With the Devils’ top defenceman, P.K. Subban, penalized for holding at 9:59 of the final period, Vancouver’s power play was outshot, 2-1, by New Jersey penalty killers.

Vancouver’s power-play shooting was epitomized by Elias Pettersson. Last season’s Calder winner and the Canucks’ best player launched 12 shots during the game. Devils goalie Mackenzie Blackwood was forced to make only two saves.

Pettersson had four shots blocked and missed the net six times, mostly on the power play. It looked like the 20-year-old was trying to be too fine, attempting to make a perfect shot instead of one that forces a save and a rebound.

“I haven’t been shooting that much lately,” Pettersson said. “I’ve got to hit the net, got to score goals. I got a lot of chances today.”

Is the power play a concern?

“It is,” Pettersson said. “We’ve got to work together, got to find a way to be successful. Because, say today, we have an alright game. We could have won the game on power play today. If we score one early on power play, it’s a different game. Something we need to work on, look on video, and try to score in the next one.”

The Canucks visit the New York Rangers for another matinee game on Sunday, when Markstrom is expected to start for the first time since taking a personal leave for family reasons one week ago.

It’s understandable why Pettersson may be trying to be too precise: he and sniper linemate Brock Boeser have combined for just three goals this season, none of which came on the power play.

For all the social media debate about coach Travis Green’s point preference for Alex Edler over Quinn Hughes, who was shifted to the top unit in the second period Saturday and used his skating to create new shooting and passing angles, it’s up to Pettersson and Boeser to score goals.

“It’s up to everyone,” Green countered. “It’s not up to one, two (players); it’s up to all five guys. Good power-play units, they run together, cohesive. I thought we were better. I thought we got a little kickstart when (Hughes) went on it. We got some good looks, especially there in the second period.
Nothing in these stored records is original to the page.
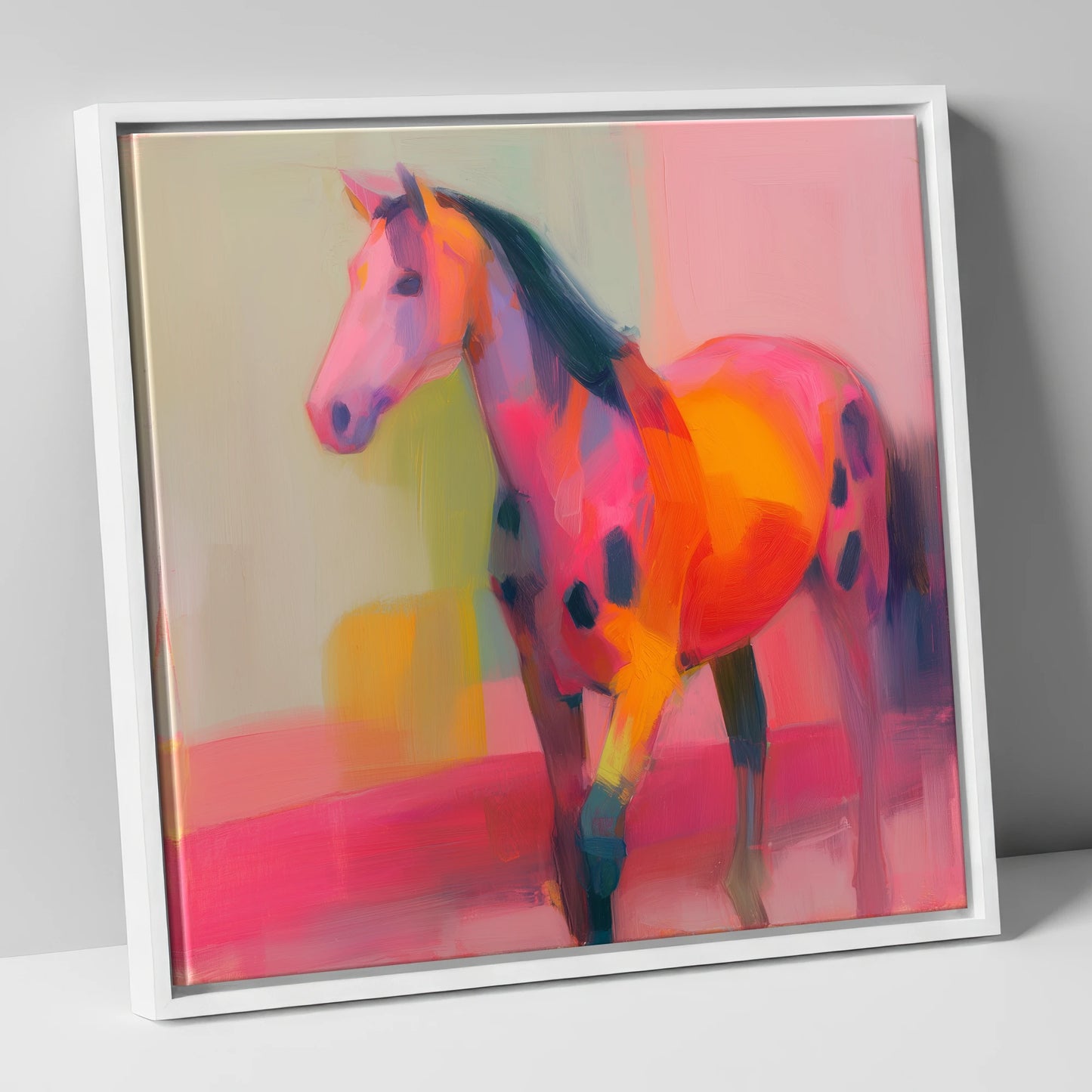 Vivid Appaloosa Spirit horse breed canvas wall art in white frame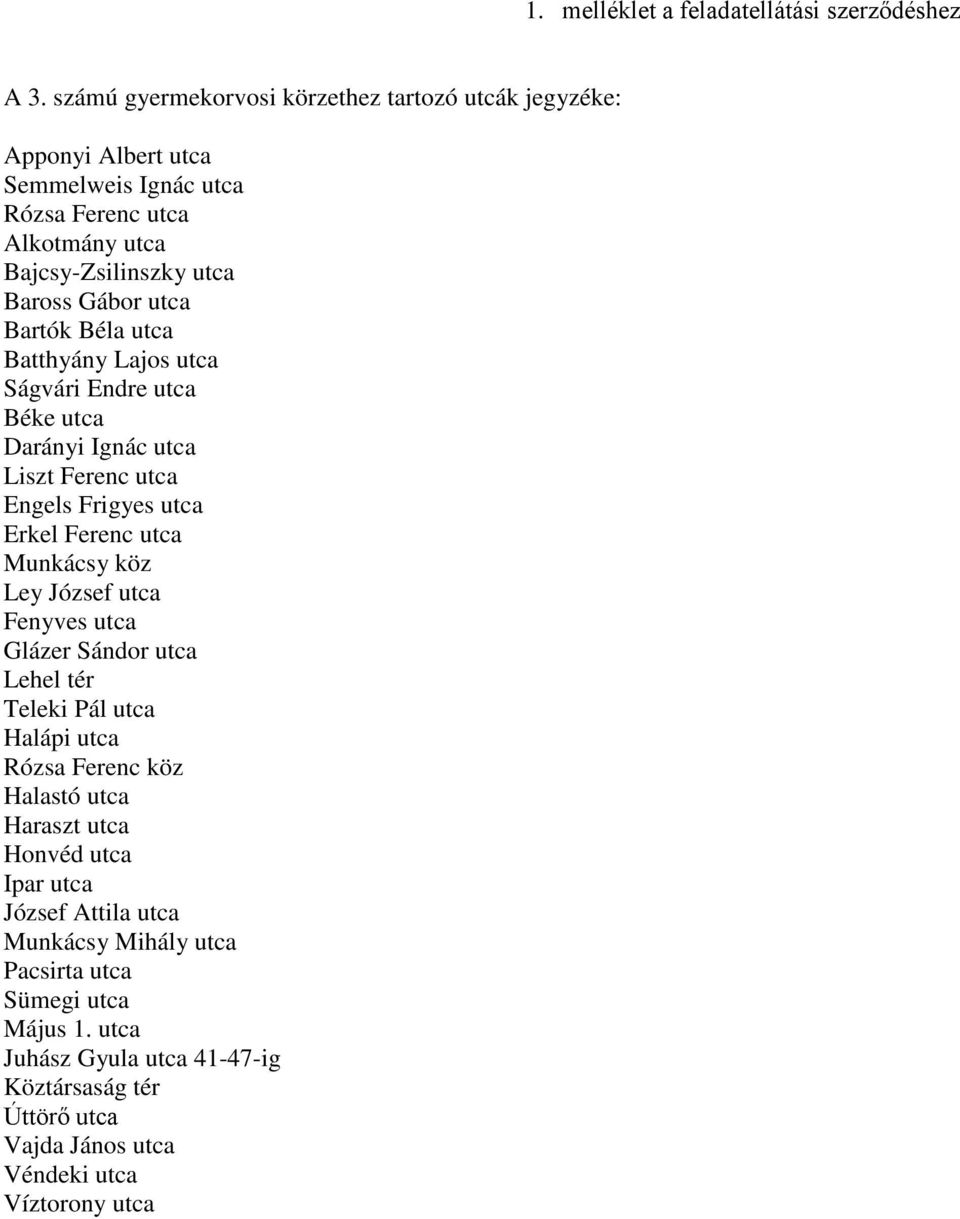 Bartók Béla utca Batthyány Lajos utca Ságvári Endre utca Béke utca Darányi Ignác utca Liszt Ferenc utca Engels Frigyes utca Erkel Ferenc utca Munkácsy köz Ley József utca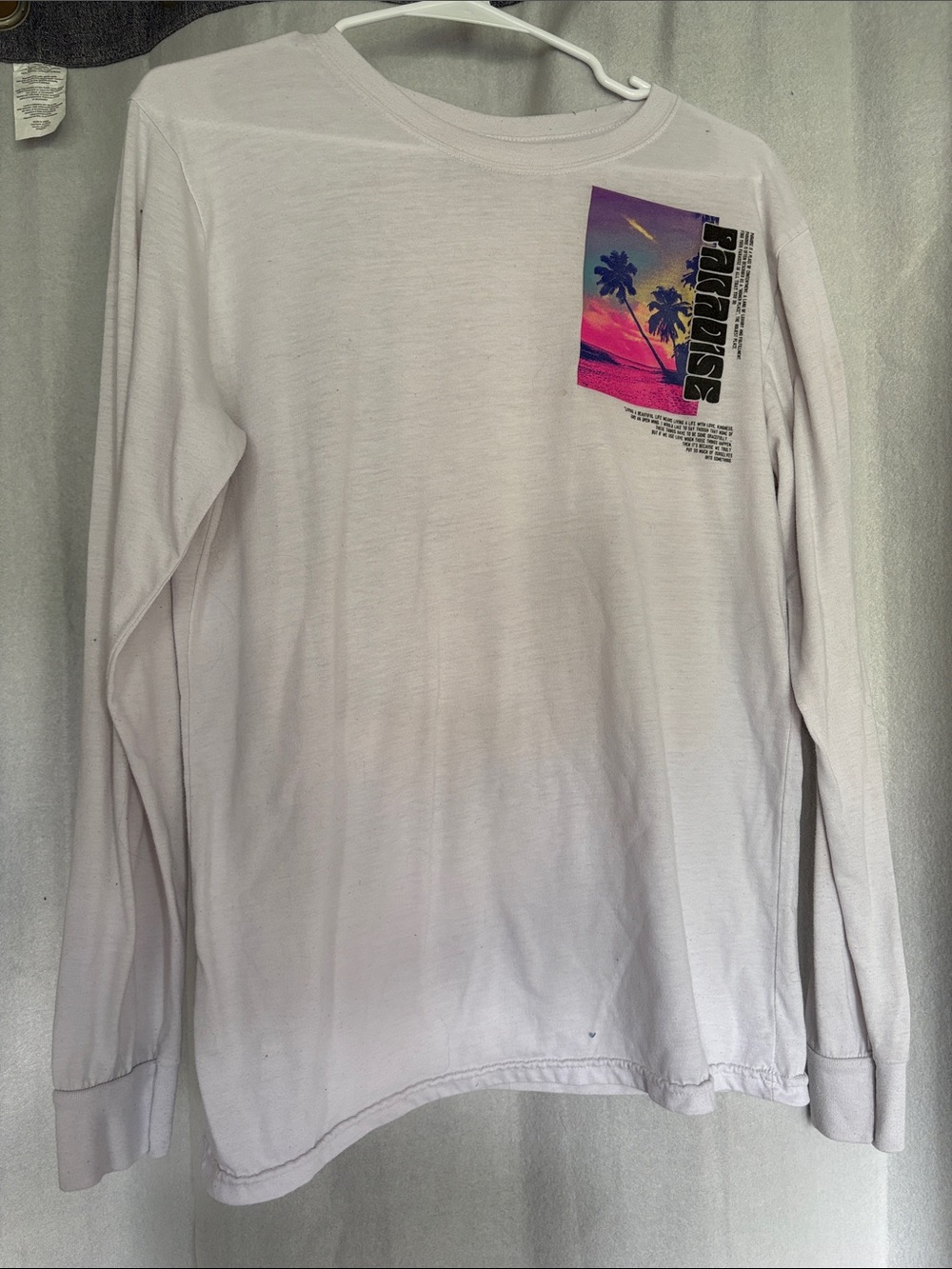 Kids Long Sleeve Tee with Sunset Palm Graphic - White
“Five-on-five, we didn’t give up a whole lot tonight. Pretty good road game (but) we’ve got to find a way to score a couple of goals.”

Getting a third-straight start in the Canucks’ net, Demko stopped 23 of 24 shots to lift his save percentage to .943, fifth among all NHL goalies who have played at least three games. But he couldn’t stop Jack Hughes’ one-timer from Taylor Hall’s excellent cross-ice pass, which came a few seconds after Vancouver penalty-killer Jay Beagle failed on a chance to clear the puck.
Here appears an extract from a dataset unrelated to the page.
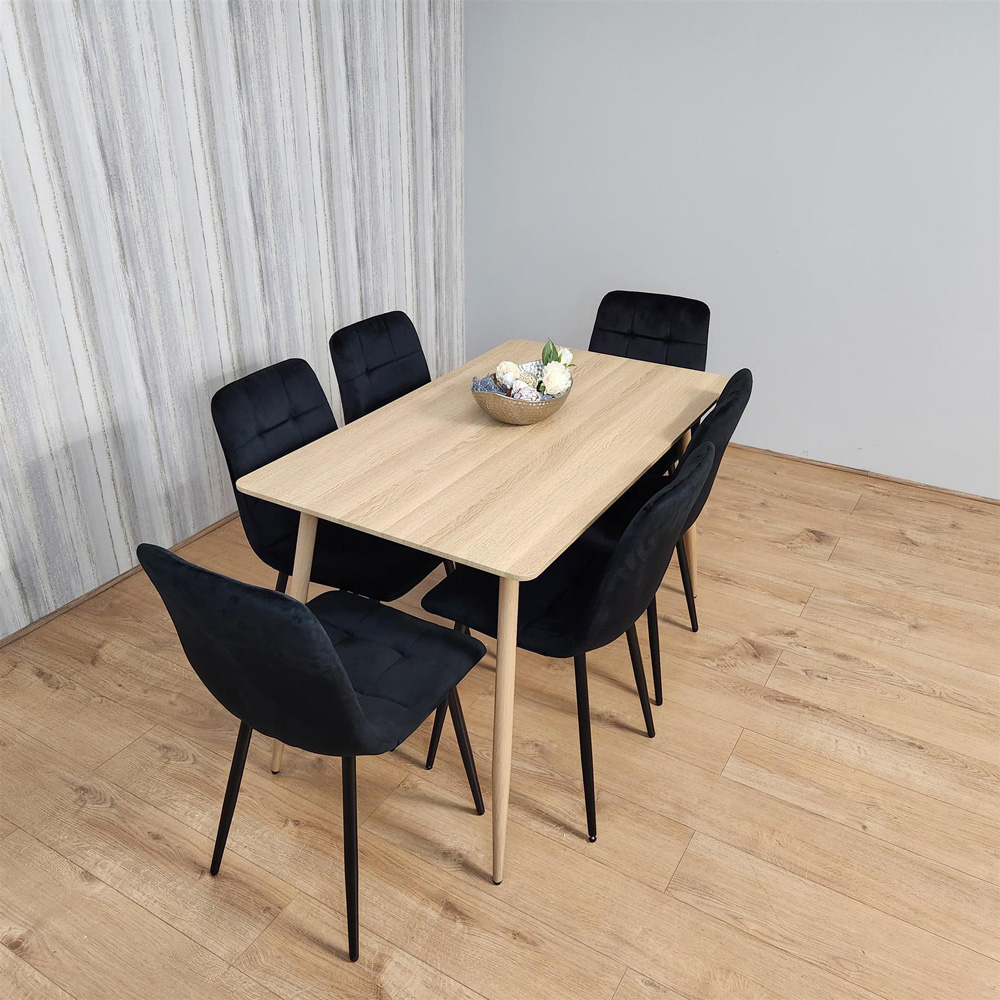 Kosy Koala 6 Seater Velvet Dining Set Wood Effect and Black Image 5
“It was on my tape,” Beagle said. “I made a bad read and it ended up costing us. I said that right away, I said: ‘That’s on me. Sorry boys.’ I’ve got to get that one out. That’s kind of where I live right there – making sure I get those clears out. And when I don’t, usually you pay. And we did, and that’s the game.”

Vancouver’s power play could have helped Beagle. It could have helped a lot of things.